**Dataset section:**
»»

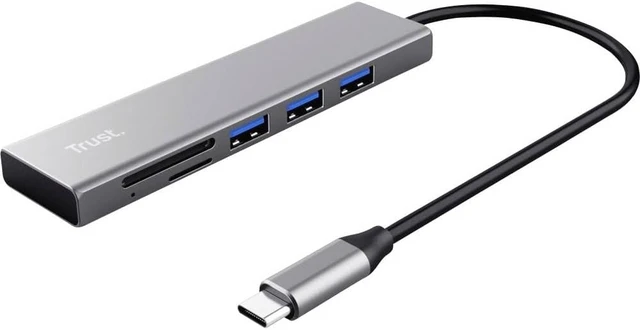 Alt view image 4 of 7 - Trust 24191 Halyx Fast USB-C Hub and Card Reader, 3 Extra Ports, 5Gbps with USB 3.2 Gen 1, SD and Micro-SD Card Reader 104 MB/s, (Micro) SD, SDHC and SDXC up to 2 TB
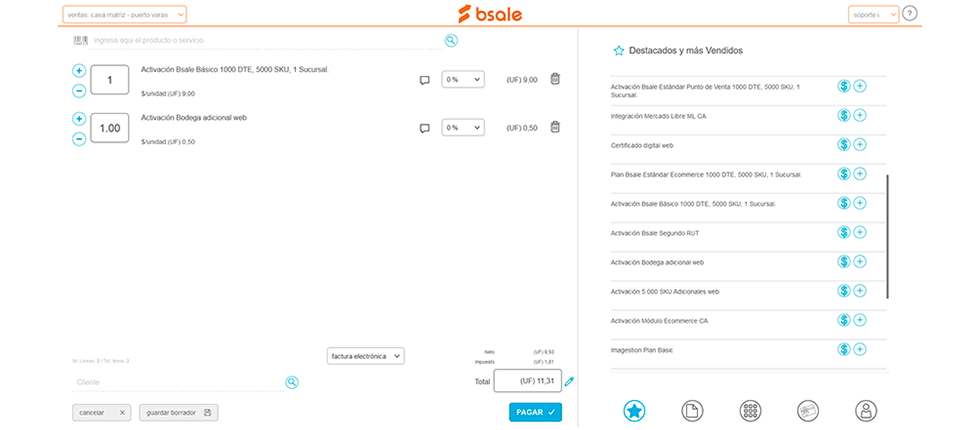 Plan Básico y Bodega adicional añadidos desde el punto de venta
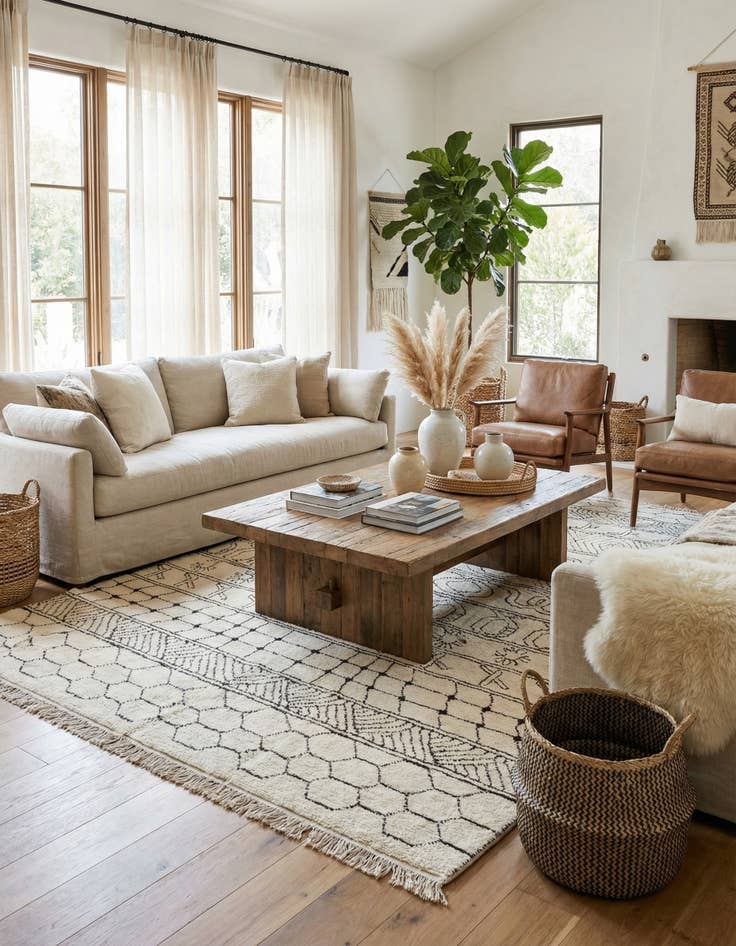 Detail image of 8' 2 x 10'  Hand Knotted Moroccan Wool Rug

««

**Exercise brief:**
All of the data, minus its pictures, should be repeated exactly.

**Result below:**
 Alt view image 4 of 7 - Trust 24191 Halyx Fast USB-C Hub and Card Reader, 3 Extra Ports, 5Gbps with USB 3.2 Gen 1, SD and Micro-SD Card Reader 104 MB/s, (Micro) SD, SDHC and SDXC up to 2 TB
 Plan Básico y Bodega adicional añadidos desde el punto de venta
 Detail image of 8' 2 x 10'  Hand Knotted Moroccan Wool Rug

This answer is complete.